As a clearly distinct problem, one needs to compute Jacobian **H**. For high-dimensional problems, most of the computational power can be dedicated to **H**, running geophysical numerical models. But once **H** is computed and stored, optimizations can be performed without the need to re-compute it, except if models are nonlinear.

Finally the storage requirements of the multiscale Jacobian scales like the total number of tiles of the multiscale structure, which was an argument in favour of the qtrees over the general tilings (three times more costly for a 2D domain) put forward in Bocquet (2009).

### 1.3. Objectives

For an application where the observation locations and schedule are known *a priori*, the optimization on the dictionary of grids can be performed *a priori* once and for all subsequent data assimilation analyses. However, even for moderately high-dimensional Jacobians, the optimization can be computationally challenging.

The objective of this Part II article is to introduce sub-optimal analytical solutions to the problem of the construction of optimal adaptive grids. A continuum or asymptotic limit of the problem will be first defined. An optimization will be analytically performed in the continuum limit framework. As a result, a density of tiles will be obtained. A discretization algorithm will then be needed to build discrete representations of control space, using those continuum densities.

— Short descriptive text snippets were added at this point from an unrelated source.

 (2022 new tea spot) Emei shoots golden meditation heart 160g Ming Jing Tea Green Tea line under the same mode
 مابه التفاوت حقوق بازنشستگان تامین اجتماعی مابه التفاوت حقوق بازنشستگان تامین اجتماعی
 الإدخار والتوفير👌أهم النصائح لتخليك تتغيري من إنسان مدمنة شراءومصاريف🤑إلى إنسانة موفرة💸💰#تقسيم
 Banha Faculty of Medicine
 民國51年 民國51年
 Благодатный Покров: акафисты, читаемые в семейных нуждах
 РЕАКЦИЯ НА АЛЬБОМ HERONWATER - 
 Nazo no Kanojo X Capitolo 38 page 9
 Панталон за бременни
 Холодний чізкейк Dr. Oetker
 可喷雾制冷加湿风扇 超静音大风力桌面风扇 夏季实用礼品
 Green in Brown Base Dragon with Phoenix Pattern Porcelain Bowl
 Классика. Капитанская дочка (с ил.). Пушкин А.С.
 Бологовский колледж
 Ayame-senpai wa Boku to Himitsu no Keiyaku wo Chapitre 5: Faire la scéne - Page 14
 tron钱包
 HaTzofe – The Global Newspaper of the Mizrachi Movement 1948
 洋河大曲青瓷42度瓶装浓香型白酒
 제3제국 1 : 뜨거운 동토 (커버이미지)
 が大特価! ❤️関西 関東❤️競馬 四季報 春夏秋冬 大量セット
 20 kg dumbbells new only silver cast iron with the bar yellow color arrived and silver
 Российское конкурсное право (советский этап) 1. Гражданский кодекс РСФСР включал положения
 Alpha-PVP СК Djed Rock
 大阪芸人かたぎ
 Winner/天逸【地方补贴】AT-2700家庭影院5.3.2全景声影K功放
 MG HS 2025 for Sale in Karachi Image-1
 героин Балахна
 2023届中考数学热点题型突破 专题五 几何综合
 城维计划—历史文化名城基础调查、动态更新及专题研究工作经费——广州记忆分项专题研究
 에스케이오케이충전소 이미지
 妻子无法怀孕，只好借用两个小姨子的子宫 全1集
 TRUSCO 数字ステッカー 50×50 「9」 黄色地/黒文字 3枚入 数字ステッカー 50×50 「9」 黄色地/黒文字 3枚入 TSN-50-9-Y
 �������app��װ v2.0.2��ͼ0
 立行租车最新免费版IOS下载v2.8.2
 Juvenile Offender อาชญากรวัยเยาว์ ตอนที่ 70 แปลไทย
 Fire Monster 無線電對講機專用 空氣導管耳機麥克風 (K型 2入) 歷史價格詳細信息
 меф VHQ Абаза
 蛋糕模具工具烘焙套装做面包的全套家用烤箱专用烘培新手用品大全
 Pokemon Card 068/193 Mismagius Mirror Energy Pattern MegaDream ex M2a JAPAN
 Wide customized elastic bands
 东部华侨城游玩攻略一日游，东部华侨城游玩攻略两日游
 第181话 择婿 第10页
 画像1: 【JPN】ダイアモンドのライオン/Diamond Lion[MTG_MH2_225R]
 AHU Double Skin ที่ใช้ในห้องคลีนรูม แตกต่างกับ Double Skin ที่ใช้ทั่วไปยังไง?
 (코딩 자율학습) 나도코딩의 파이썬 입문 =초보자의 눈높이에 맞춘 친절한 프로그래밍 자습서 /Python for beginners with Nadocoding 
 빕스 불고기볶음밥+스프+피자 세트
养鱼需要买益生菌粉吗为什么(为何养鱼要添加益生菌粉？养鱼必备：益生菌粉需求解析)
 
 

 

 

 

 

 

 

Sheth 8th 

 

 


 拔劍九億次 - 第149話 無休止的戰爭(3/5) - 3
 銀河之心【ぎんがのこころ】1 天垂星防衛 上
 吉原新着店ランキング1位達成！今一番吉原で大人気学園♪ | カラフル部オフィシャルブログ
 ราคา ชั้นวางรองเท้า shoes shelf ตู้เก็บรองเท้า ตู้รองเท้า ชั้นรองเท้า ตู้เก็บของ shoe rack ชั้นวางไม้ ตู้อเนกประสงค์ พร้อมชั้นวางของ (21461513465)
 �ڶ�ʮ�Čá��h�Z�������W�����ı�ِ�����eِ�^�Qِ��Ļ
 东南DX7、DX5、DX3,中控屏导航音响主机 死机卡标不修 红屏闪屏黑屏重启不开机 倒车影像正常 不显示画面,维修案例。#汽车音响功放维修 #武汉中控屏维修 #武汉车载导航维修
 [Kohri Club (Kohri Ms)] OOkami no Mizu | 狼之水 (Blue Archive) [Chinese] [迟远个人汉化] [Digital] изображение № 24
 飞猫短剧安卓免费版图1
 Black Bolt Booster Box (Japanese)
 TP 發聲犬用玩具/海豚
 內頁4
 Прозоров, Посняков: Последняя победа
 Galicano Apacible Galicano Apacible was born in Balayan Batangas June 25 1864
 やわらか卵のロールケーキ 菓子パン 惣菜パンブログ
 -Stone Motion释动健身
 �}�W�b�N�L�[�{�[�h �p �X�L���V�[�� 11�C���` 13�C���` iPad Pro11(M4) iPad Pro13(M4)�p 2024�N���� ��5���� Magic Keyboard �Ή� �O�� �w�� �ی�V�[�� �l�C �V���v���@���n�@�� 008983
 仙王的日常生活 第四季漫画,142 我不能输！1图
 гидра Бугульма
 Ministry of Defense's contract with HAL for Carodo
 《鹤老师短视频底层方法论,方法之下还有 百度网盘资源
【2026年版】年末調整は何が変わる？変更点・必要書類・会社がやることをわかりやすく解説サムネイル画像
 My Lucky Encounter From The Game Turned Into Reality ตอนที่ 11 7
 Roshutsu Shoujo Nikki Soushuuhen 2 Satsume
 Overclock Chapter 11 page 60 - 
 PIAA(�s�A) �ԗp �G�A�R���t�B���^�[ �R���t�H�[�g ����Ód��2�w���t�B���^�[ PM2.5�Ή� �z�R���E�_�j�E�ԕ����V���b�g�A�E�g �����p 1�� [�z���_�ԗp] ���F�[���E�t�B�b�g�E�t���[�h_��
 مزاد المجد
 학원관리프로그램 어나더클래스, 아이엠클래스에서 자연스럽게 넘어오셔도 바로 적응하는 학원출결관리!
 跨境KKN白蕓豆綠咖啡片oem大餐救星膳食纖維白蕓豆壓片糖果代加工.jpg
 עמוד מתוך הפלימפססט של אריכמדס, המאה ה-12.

Note that this is a constructive approach. The overall interest of the theory must be judged on the quantitative performance of the representation that it yields. This performance is objectively measured by an objective function such as the DFS.

### 1.4. Outline

The results of this article will be illustrated using a problem of interest for the Comprehensive Nuclear Test Ban Treaty Organisation (CTBTO) of the United Nations, but using simplified physics in the Jacobian. Details of the setup are given in section 2. The asymptotic analytical solutions are derived in section 3. They are introduced with increasing complexity. The continuum limit will be first derived in the one-dimensional (1D) case, because the limiting density of tiles is expected to be asymptotically exact. The multidimensional case is then treated but depends on the type of dictionary employed: ftrees, qtrees, or tilings. Focussing on the general tilings and qtrees, the construction of a discrete representation of control space using these analytical densities is then discussed, and simple algorithms are proposed. In some cases, the analytical densities may be improper (they cannot be normalized to one). This corresponds to a problem uncovered by Bocquet (2005), and it is dealt with in this context. In section 4, several of these results are illustrated on the CTBTO test case. We summarize the results and conclude in section 5.